Can't extract entities for Arabic language

it worked fine for intent classification but i couldn’t extract entities

this is my config file

language: “ar”

pipeline:

• name: “tokenizer_whitespace”

• name: “ner_crf”

• name: “intent_featurizer_count_vectors”

• name: “intent_classifier_tensorflow_embedding”

intent_tokenization_flag: true

intent_split_symbol: “_”

what should I do ?

did u use langdetect library? can you explain your problem in detail? I think i can help you me to face this kinda problem and solved it.:relaxed:

@rishier827 I do entity extraction with Sinhalese languages. I’m facing the same kind of problems that @ahlam1234 is facing. rasa correctly classifies intents, but many problems with unrecognized entities. I would like to know how you would solve these kinds of problems. Thank you in advance.

@BimsaraGamage using langdetect library i solved the problem which not detecting Ar but i m not sure langdetect supports sinhala

@BimsaraGamage seems like langdetect not supporting sinhala but,

You need to create a new language profile. The easiest way to do it is to use the langdetect.jar tool, which can generate language profiles from Wikipedia abstract database files or plain text.

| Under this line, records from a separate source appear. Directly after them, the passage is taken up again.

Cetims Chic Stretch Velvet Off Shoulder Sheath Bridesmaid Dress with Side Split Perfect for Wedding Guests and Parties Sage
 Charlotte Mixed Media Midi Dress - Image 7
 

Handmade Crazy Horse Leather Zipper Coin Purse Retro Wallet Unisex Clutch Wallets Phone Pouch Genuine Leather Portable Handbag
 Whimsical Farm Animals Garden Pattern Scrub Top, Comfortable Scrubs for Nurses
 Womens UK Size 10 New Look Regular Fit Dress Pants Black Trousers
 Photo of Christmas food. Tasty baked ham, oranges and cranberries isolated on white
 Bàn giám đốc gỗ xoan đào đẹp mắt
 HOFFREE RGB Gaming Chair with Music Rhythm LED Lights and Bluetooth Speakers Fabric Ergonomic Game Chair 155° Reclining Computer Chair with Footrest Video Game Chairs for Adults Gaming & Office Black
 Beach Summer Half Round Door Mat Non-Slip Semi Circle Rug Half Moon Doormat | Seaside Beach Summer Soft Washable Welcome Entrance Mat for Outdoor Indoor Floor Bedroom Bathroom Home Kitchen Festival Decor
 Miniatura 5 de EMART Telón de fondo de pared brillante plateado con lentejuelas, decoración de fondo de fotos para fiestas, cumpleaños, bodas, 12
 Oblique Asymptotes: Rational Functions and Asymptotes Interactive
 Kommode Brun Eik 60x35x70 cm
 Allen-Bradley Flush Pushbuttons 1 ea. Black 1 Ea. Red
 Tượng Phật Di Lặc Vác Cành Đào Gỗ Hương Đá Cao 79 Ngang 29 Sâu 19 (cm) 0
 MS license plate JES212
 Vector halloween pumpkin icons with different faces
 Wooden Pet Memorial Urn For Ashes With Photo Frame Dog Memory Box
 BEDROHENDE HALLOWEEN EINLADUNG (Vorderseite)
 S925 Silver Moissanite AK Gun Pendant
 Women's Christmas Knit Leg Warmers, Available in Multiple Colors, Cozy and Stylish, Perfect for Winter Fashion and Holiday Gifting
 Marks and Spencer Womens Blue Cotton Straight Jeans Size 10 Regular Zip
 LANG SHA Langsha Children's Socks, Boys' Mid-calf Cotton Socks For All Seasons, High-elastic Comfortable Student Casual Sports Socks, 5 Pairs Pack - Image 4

Wikipedia abstract database files can be retrieved from “Wikipedia Downloads” (http://download.wikimedia.org/). They form ‘(language code)wiki-(version)-abstract.xml’ (e.g. ‘enwiki-20101004-abstract.xml’ ).

given langdetct link shows how to add language please try it or if you found library which supports sinhala please inform me

Thank you for the quick reply @rishier827 . I would certainly try your suggestion.